• PROBLEM DESCRIPTION: Within the entries below, the lines from the one with "Kwikset Hampshire US5" through the one with "2018 Honda Fit" are to be set down exactly, both ends kept.

• RECORDED INFORMATION:
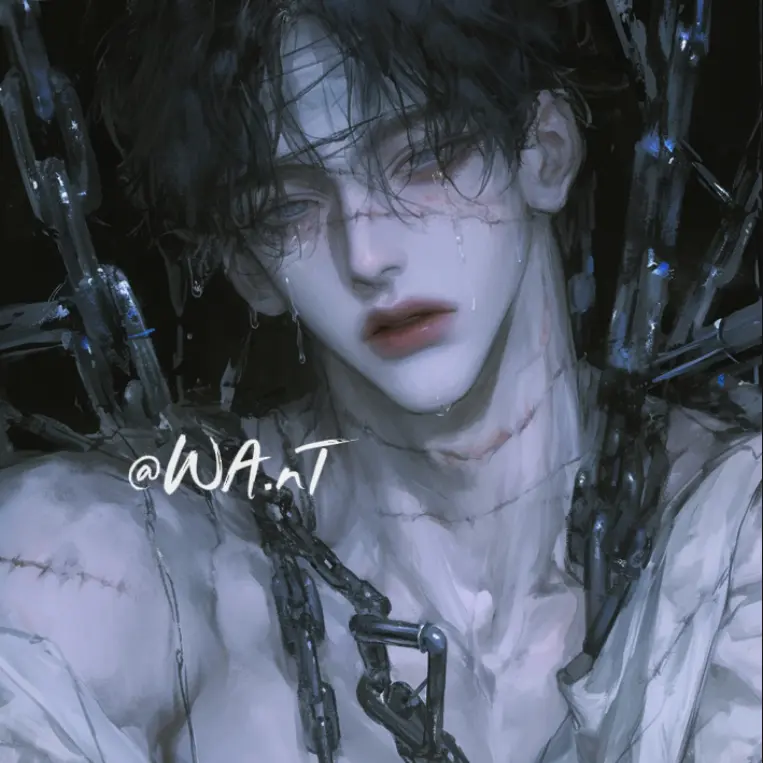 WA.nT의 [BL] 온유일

---

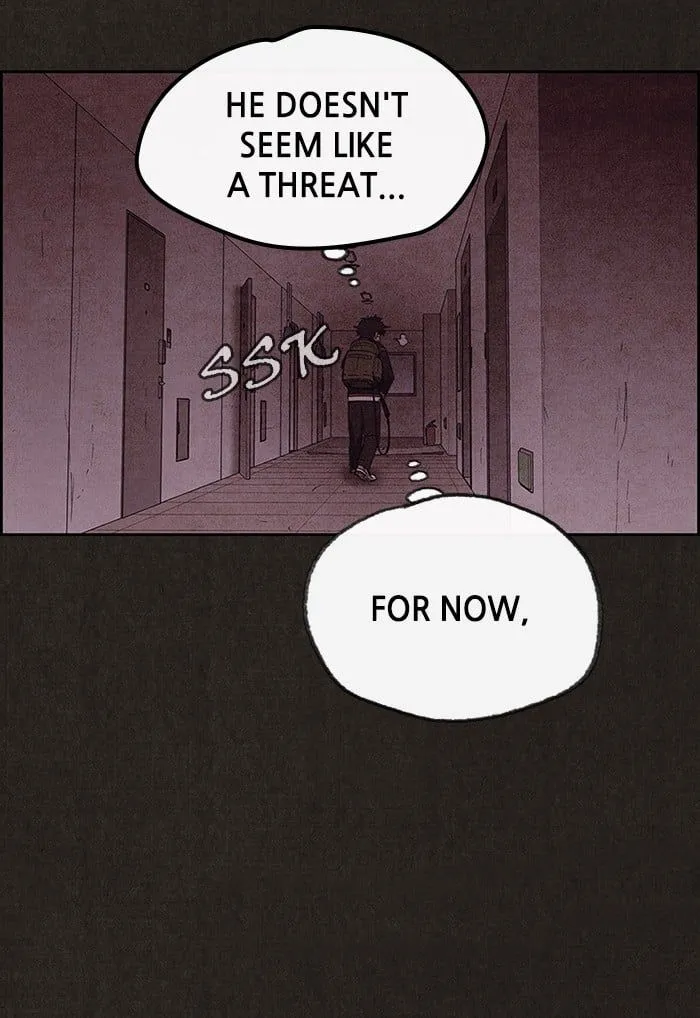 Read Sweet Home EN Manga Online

--

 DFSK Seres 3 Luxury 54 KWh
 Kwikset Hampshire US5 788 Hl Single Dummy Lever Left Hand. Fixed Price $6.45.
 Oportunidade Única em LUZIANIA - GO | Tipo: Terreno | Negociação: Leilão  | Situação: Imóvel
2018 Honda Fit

• TASK OUTPUT:
 Kwikset Hampshire US5 788 Hl Single Dummy Lever Left Hand. Fixed Price $6.45.
 Oportunidade Única em LUZIANIA - GO | Tipo: Terreno | Negociação: Leilão  | Situação: Imóvel
2018 Honda Fit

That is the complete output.